When you’re cruising through the streets of Utah, the only thing on your mind is how you’ll spend a snowy afternoon. At this point, driving might be second nature to you. You get behind the wheel and go. Without even realizing it, you may be forgetting some of Utah’s driving laws.
Laws that dictate how you operate a motor vehicle vary state by state. Understandably, you may not be up to date on every driving law that pertains to Utah. However, it’s still important to update yourself and know the law to make sure you’re not breaking it. Several Utah driving laws are often forgotten by many drivers. Sometimes forgetting about these laws can lead to an accident. If you think you were in an accident caused by someone breaking the law, you should contact a Utah car accident lawyer.
Your Registration Card Should Be In Your Vehicle
Registration is a fundamental part of being a responsible driver. Often when you’re pulled over, the officer requests to check your registration. Section 214 of Utah law states that the owner or operator of a vehicle should carry the vehicle’s registration card in the vehicle and must display it upon request for officers’ convenience. Though much of your data is attached to your license plate number, you still must carry your registration card.
Open Alcohol Containers Are Prohibited in Motor Vehicles
While it’s common knowledge that it is illegal to drive while under the influence of alcohol, many people forget that you cannot have open containers of alcohol inside your motor vehicle.

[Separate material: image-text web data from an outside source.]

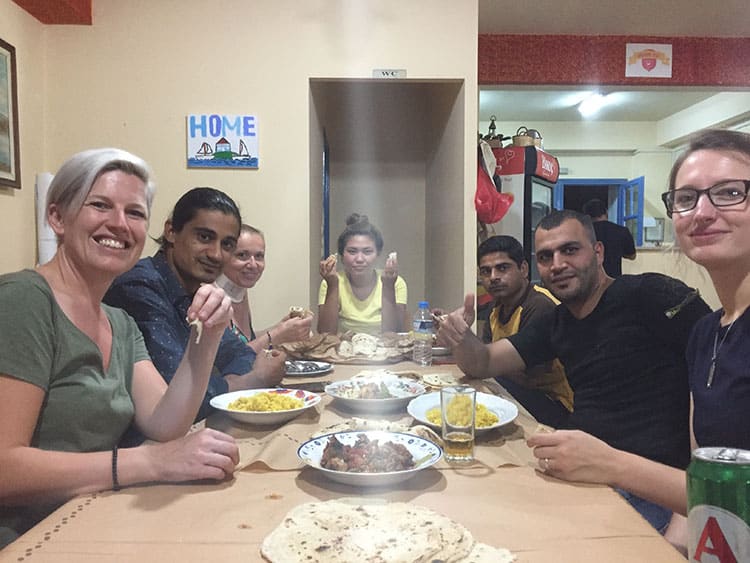 Tania and Katerina sharing a meal with the volunteers at Home For All. 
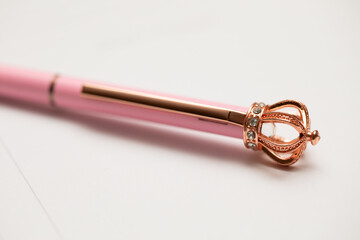 a pink queen pen on a white background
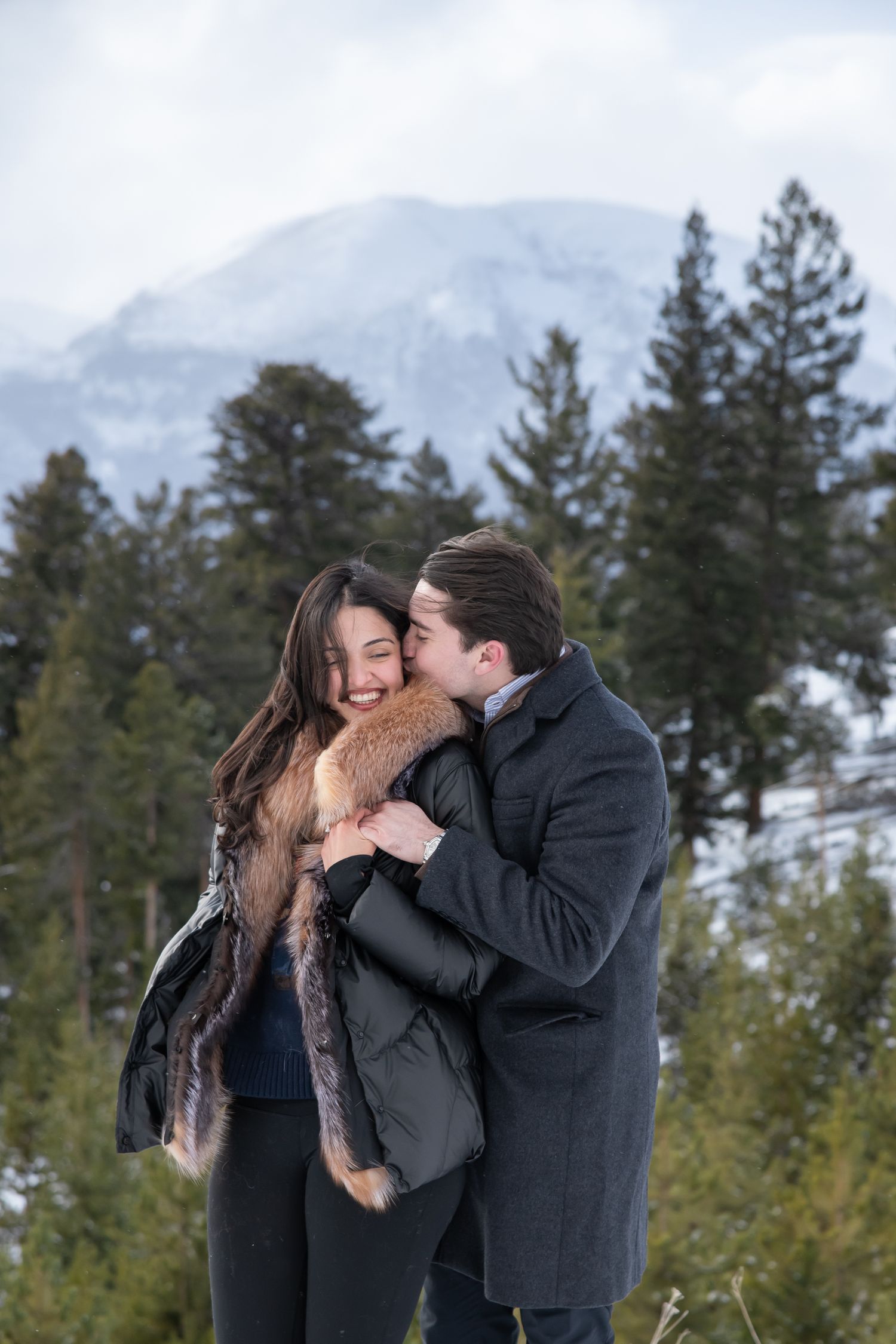 Romantic moment in front of a scenic mountain landscape with evergreen trees in the background for Breckenridge engagement photo session.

According to Section 526, A person may not keep, carry, possess, or transport any container containing an alcoholic beverage if the container has been opened, the seal has been broken, or the contents of the container have been partially consumed. This also applies to any passengers inside the vehicle, not just the driver. An open container cannot even be in the compartment on the passenger’s side of the vehicle.
You Should Be Using Your Turn Signals More
Many people have probably encountered a lack of signaling while on the road. You’re behind someone, then all of a sudden, they start turning or entering your lane with no warning. It seems like someone forgets to use their blinkers every day. It’s important to know that using your turning signal is required by law. According to Section 804, a person may not turn, merge, or change lanes until they have met two stipulations. One of those stipulations is that an appropriate signal has been given for at least the last 2 seconds preceding the beginning of the movement.

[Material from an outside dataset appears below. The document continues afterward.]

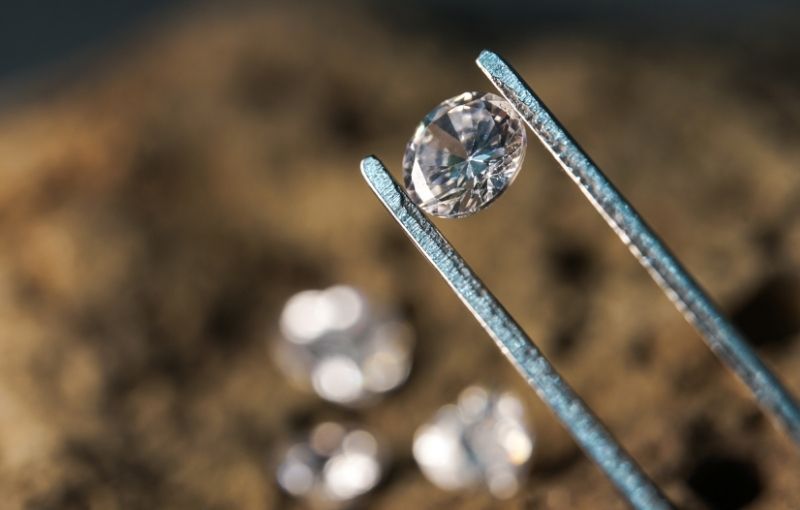 Diamond held by tweezers outdoors.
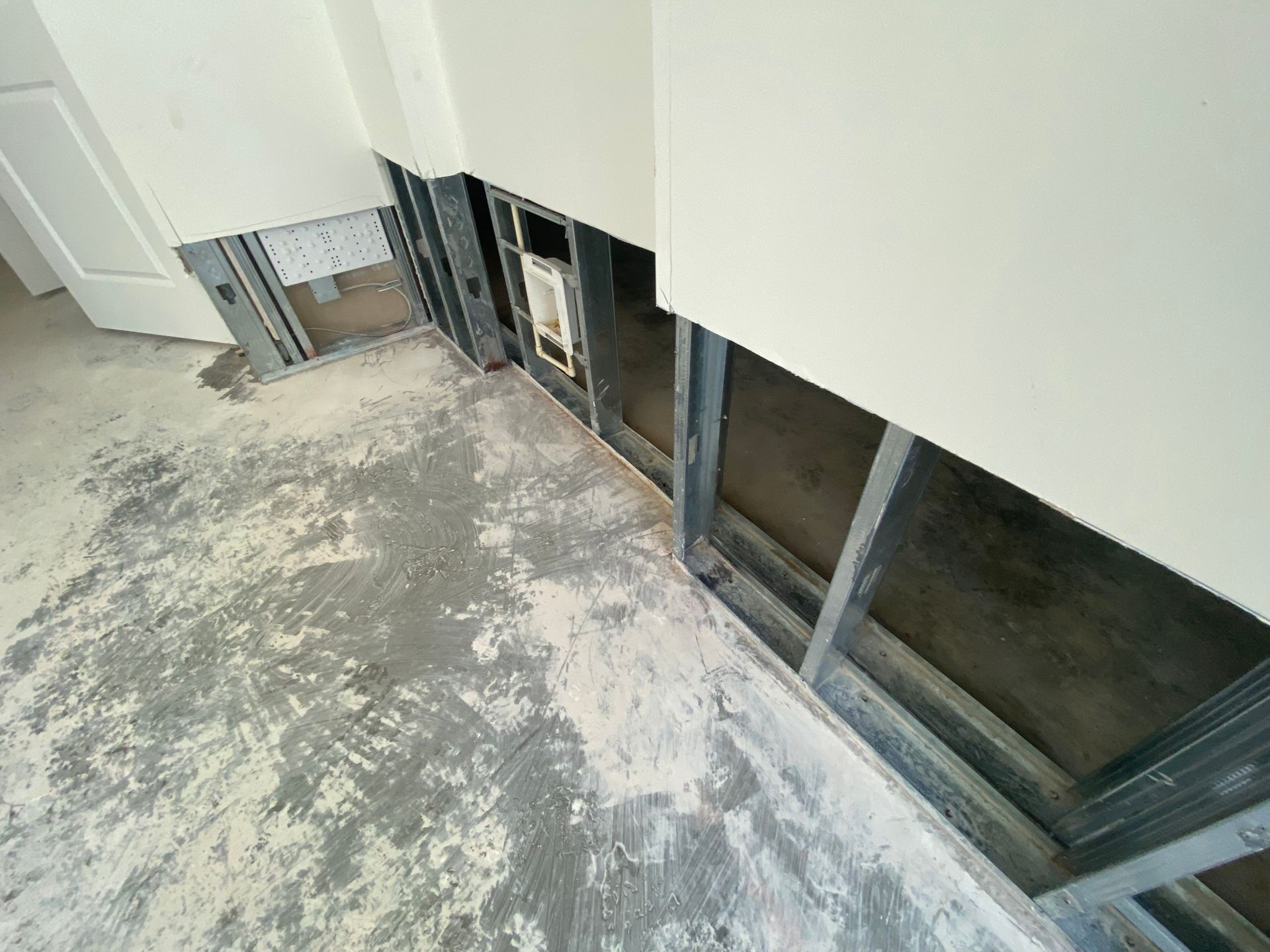 Interior view of a room under construction; exposed metal framing, unfinished walls, and concrete floor.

You’re Not Allowed to Use Any Handheld Wireless Communication Device While Driving
Distracted driving is a common cause of many traffic accidents, especially cell phones. Cell phones and other electronic devices are so commonplace that we often need them in our cars, but there are laws regarding using those electronic devices while driving. In Utah, it is illegal to text and drive under Section 1716. You can talk on the phone while driving. However, drivers are prohibited from manipulating their devices. For example, drivers cannot dial a phone number while driving.

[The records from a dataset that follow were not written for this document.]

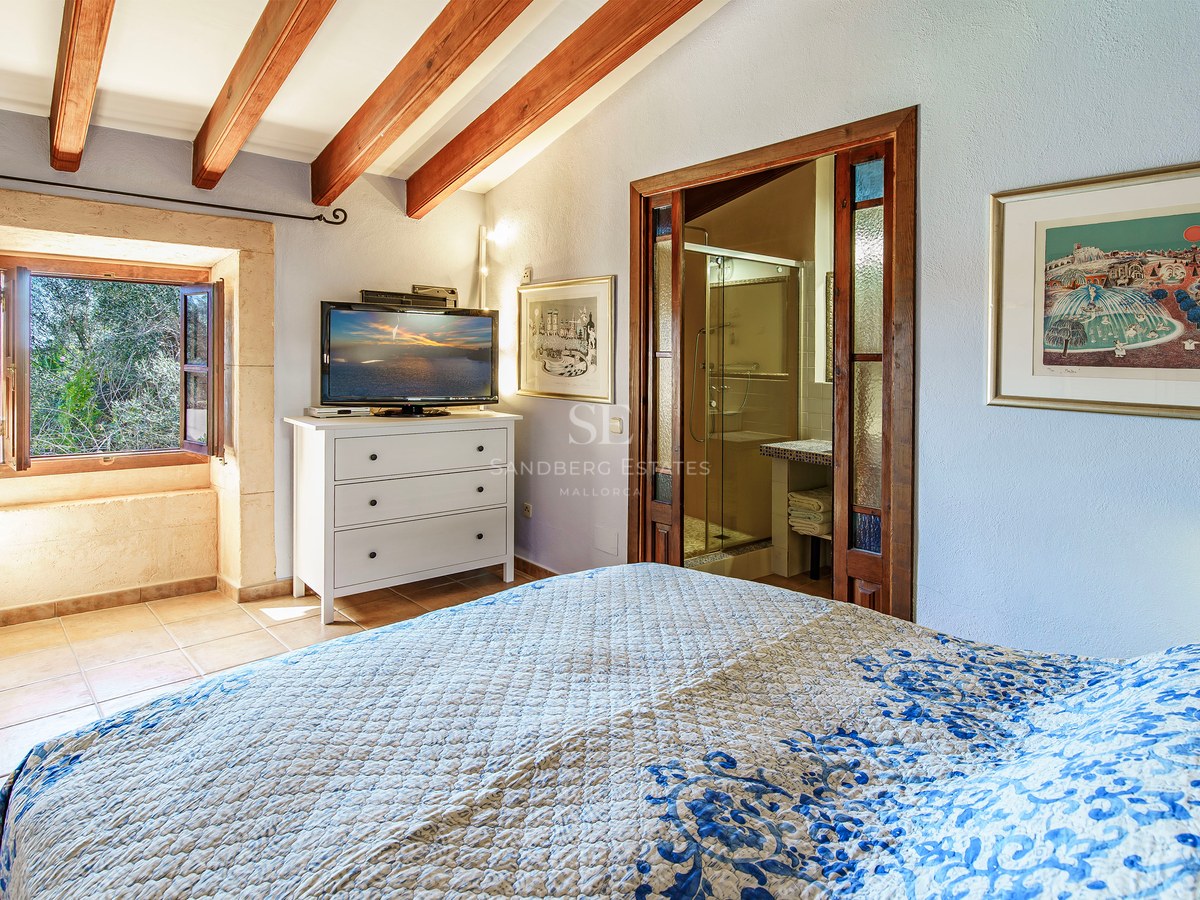Schlafzimmer mit Holzbalken, blau gemustertem Bett, sichtbarem Bad und Steinfenster mit Ausblick.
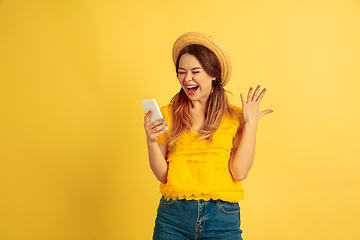 Image showing Caucasian woman\'s portrait isolated on yellow studio background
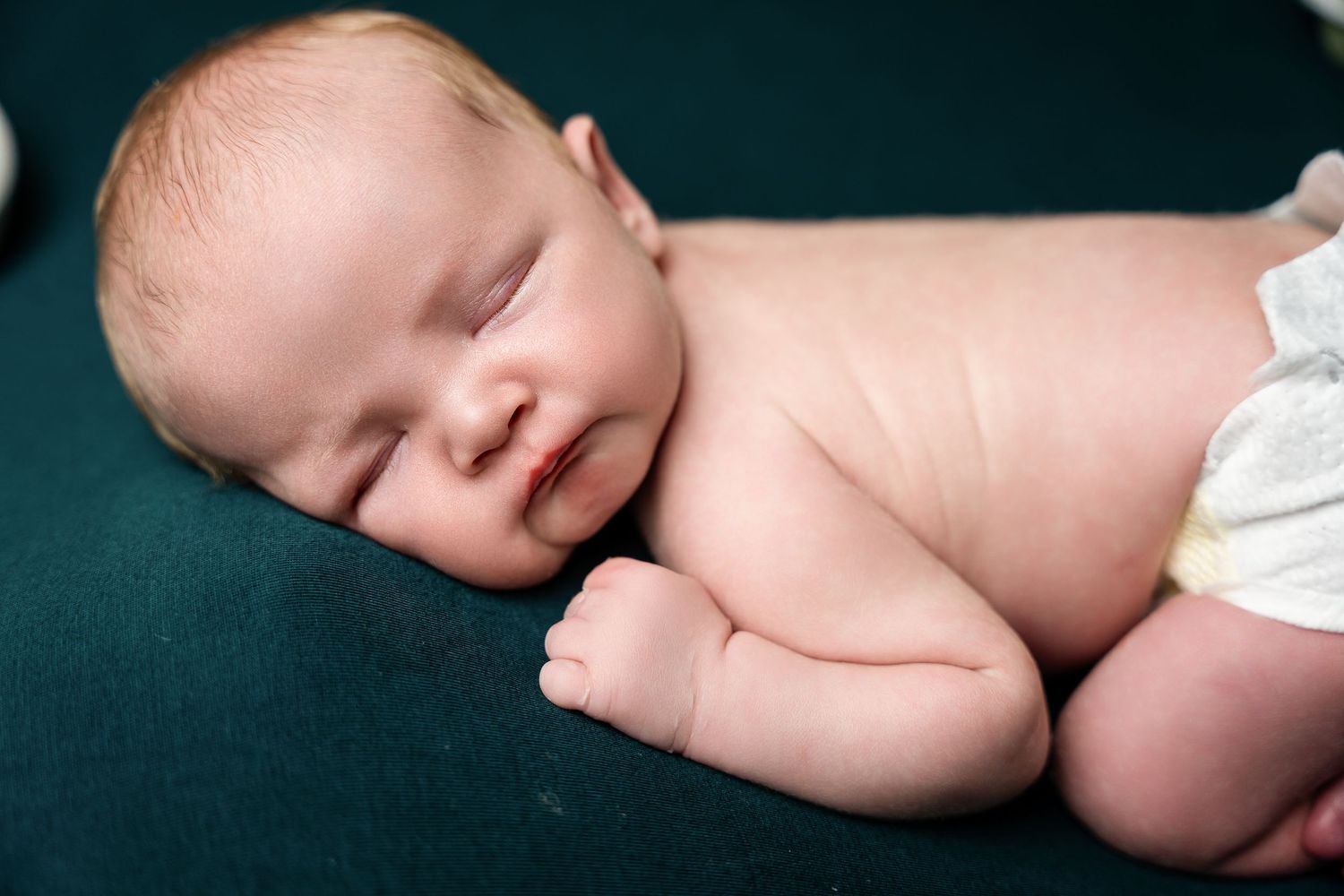 Peaceful newborn resting on dark teal backdrop with white fabric details.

You and Your Passengers Should Be Wearing Seatbelts
Seat belts are an essential safety feature. Seat belt laws are another area where there’s a lot of variability from state to state. In some places, only the driver needs to wear their seatbelt. There are a few places without any seat belt laws. In Utah, the law requires that drivers and passengers wear a seatbelt. Section 1803 specifies that the driver is responsible for unrestrained occupants under 16 years old.
Protect Yourself by Reaching Out to an Experienced Car Accident Lawyer
Following traffic laws is necessary to keep everyone on the road safe. When everyone follows the law, it is easier to anticipate other drivers’ decisions, and you can be more confident in your decisions. Some drivers don’t follow the rules, and that’s when accidents happen. Fortunately, you can talk to an experienced car accident lawyer.
Feller & Wendt, LLC has handled a wide variety of auto accidents. We have probably seen it all, so we have the experience to handle it all as well. Our staff of highly trained attorneys can build you a strong case. We will fight for you until you secure fair compensation. Schedule your case evaluation today by calling us at (801) 499-5060 or completing our contact form.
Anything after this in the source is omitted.